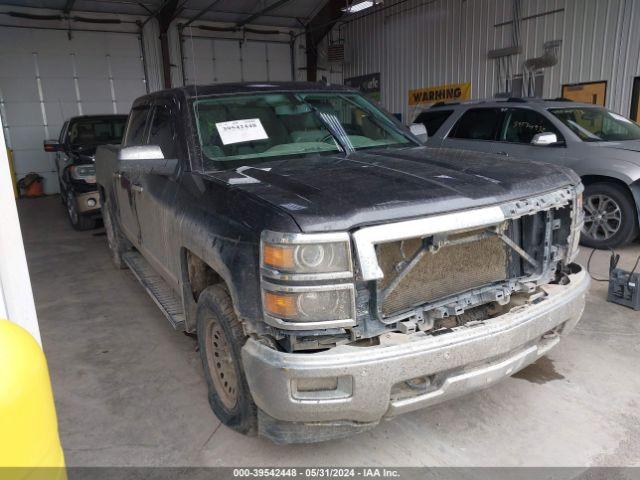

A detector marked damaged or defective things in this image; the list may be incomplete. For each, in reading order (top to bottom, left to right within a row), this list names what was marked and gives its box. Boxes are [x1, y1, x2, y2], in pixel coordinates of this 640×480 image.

damaged black pickup truck [96, 81, 592, 442]
pickup truck front end damage [245, 185, 592, 442]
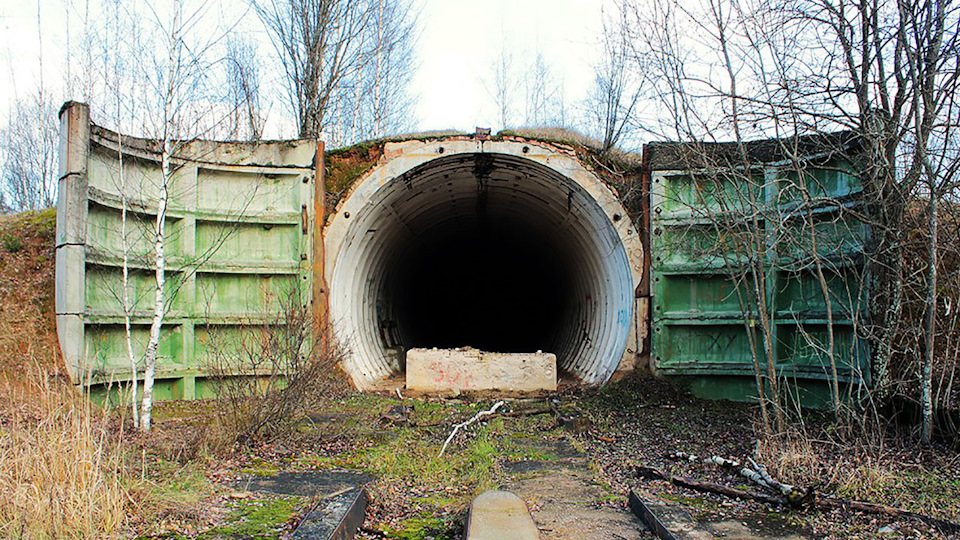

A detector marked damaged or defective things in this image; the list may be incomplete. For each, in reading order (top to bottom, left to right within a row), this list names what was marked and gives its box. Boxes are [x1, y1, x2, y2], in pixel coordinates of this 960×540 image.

rusty metal edge [632, 490, 684, 540]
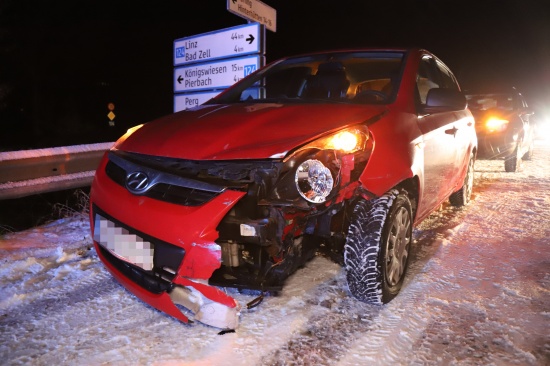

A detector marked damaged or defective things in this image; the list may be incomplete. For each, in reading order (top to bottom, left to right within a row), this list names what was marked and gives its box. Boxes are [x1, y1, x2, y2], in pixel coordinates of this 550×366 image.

damaged red car [90, 47, 478, 330]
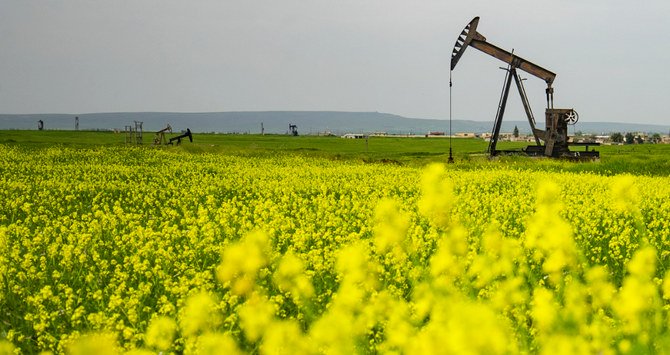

▬▬▬▬▬▬▬▬▬▬

• [What to do]: In your copy, omit the pictures and restate every line of the data word for word.

• [Response]:
A detector marked damaged or defective things in this image; the list may be incomplete. For each, in reading order (top to bottom, left to right within a row), this list names what was marked and gives its box. Boxes are [x1, y1, x2, y2], in pixel coordinates of this 640×480 image.

damaged black pickup truck [96, 81, 592, 442]
pickup truck front end damage [245, 185, 592, 442]

A detector marked damaged or defective things in this image; the list may be incomplete. For each, in reading order (top to bottom, left to right within a row), this list names what was marked and gives its box. Boxes are [x1, y1, x2, y2], in pixel coordinates of this 960×540 image.

rusty metal edge [632, 490, 684, 540]

A detector marked damaged or defective things in this image; the list may be incomplete. For each, in reading order (top to bottom, left to right within a row), this list names what was marked and gives its box. Boxes are [x1, y1, x2, y2], in pixel coordinates of this 550×366 image.

damaged red car [90, 47, 478, 330]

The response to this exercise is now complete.